Bass Coast Health (BCH) recently received a small grant to commence a ‘Rainbow Tick’ project that will ensure a more welcoming and safe environment for members of the local Lesbian, Gay, Bisexual, Transgender and Intersex (LGBTI) community.

The opportunity for the health service to attain Rainbow Tick accreditation arose as a result of the Victorian Royal Commission into Family Violence recommendations which found that Family Violence services need to become more inclusive of LGBTI people, whose history of social exclusion and discrimination make them more at risk of experiencing all forms of violence.

BCH has appointed a project worker for the next 12 months to start the journey towards attaining Rainbow Tick Accreditation, focusing initially on the Sub Acute and Community Care Division where the Family Violence services are located.  

The Rainbow Tick provides a benchmark for LGBTI-inclusive practice against which organisations can be independently assessed.

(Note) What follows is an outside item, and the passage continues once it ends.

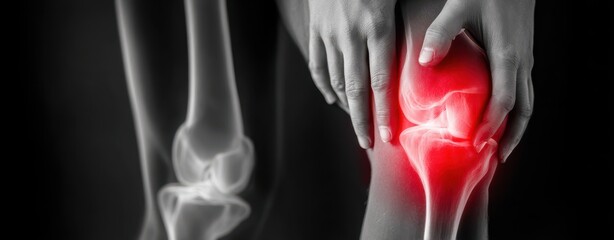 Painful knee joint highlighted in red overlay on x-ray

Organisations that successfully attain the Rainbow Tick are demonstrating their commitment and ability to deliver LGBTI-inclusive services and to continuously review and improve the quality of care they provide to their LGBTI consumers.

Project Worker Helen Page explains, “The Rainbow Tick assures LGBTI consumers and potential staff and volunteers that an organisation has met the Rainbow Tick Standards – which means that the people caring for you are aware of and responsive to the unique and individual needs of all consumers – including LGBTI consumers”.

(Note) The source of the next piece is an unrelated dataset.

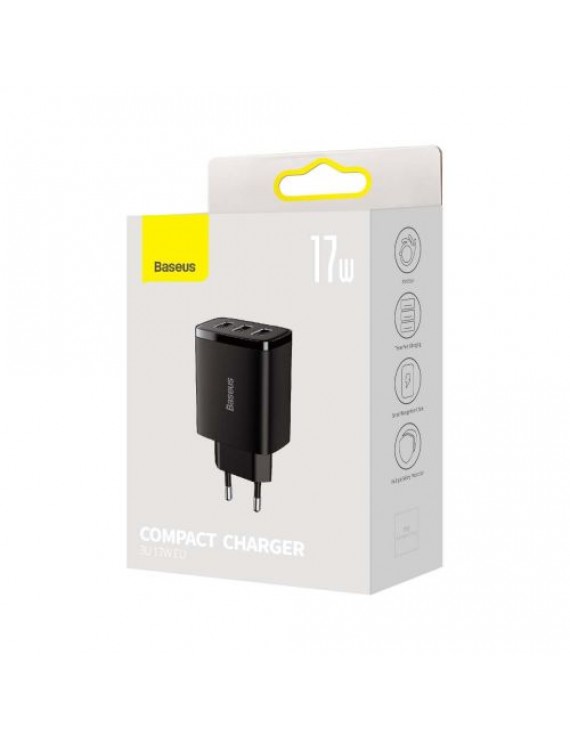 Baseus Travel Charger Compact wall Charger U+U+U, 17W EU black (CCXJ020101)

BCH staff proudly celebrated International Day Against Homophobia, Biphobia, Intersexism and Transphobia (IDAHOBIT) Day last week. 

BCH CEO Jan Child said the health service is committed to ensuring that the needs of all individuals cared for by Bass Coast Health are met in a respectful and appropriate manner.

“In partnership with consumers and carers, we aim to provide an environment that recognises and responds to individual needs, supports preferences, and provides services that meet our consumers’ expectations”, she said.

The International Day Against Homophobia (IDAHO) is the anniversary of the day in 1990 when the World Health Organisation removed the classification of homosexuality as a mental disorder. IDAHO, was established in 2004 to draw attention to the discrimination that LGBTIQ communities experience around the world. In 2009, Transphobia was added to the title, and Biphobia was then added, with the acronym IDAHOBIT now increasingly used in English-speaking countries. IDAHOBIT Day is now celebrated on May 17 in more than 180 countries, including 37 where same-sex acts are illegal. Every year the global community of sexual and gender minorities identifies one specific focus issue for the celebrations around May 17. This year’s IDAHOBIT theme was ALLIANCES for SOLIDARITY.